> **Prompt**: Wherever pictures appear in the listing below, leave them out, and copy exactly, and only, everything from the line with "Topographic Map of Brier Ridge, OH" down to the line with "Cisco 16-Port Gigabit".

> **Task inputs**:
○ ○ ○

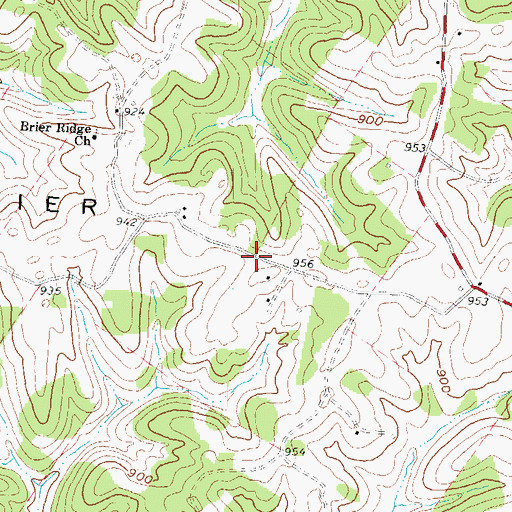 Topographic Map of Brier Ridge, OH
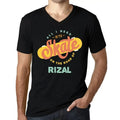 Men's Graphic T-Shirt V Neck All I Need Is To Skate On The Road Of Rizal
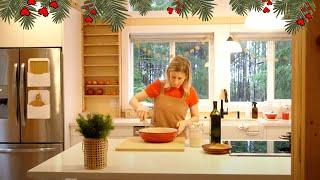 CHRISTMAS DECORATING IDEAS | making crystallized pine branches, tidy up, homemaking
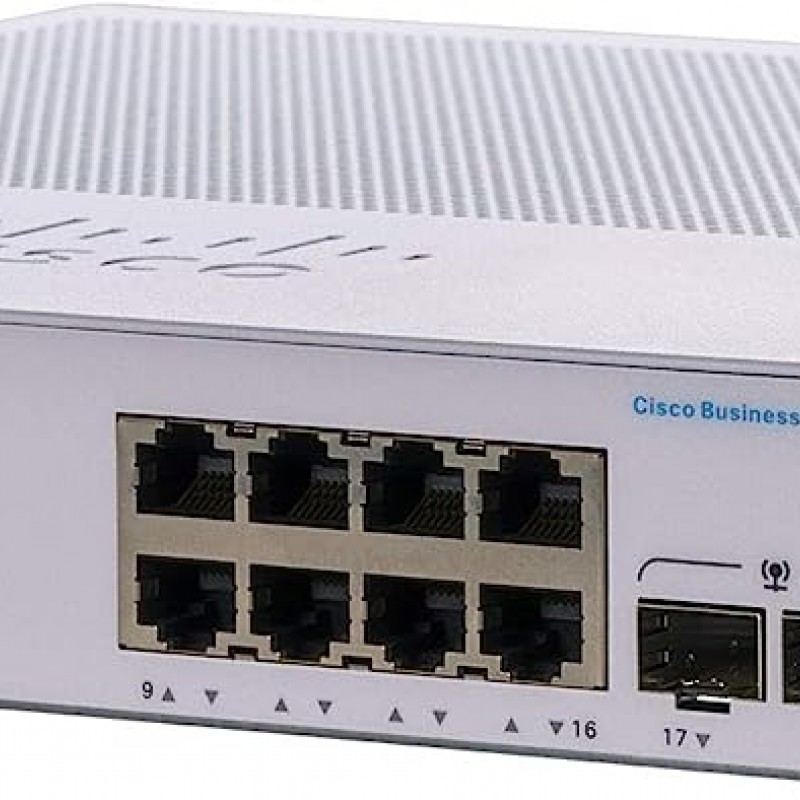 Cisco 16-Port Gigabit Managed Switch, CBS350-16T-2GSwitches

○ ○ ○

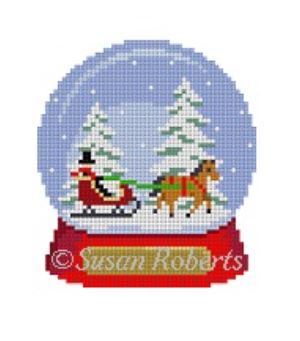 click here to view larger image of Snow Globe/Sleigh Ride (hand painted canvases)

○ ○ ○

> **Task output**:
 Topographic Map of Brier Ridge, OH
 Men's Graphic T-Shirt V Neck All I Need Is To Skate On The Road Of Rizal
 CHRISTMAS DECORATING IDEAS | making crystallized pine branches, tidy up, homemaking
 Cisco 16-Port Gigabit Managed Switch, CBS350-16T-2GSwitches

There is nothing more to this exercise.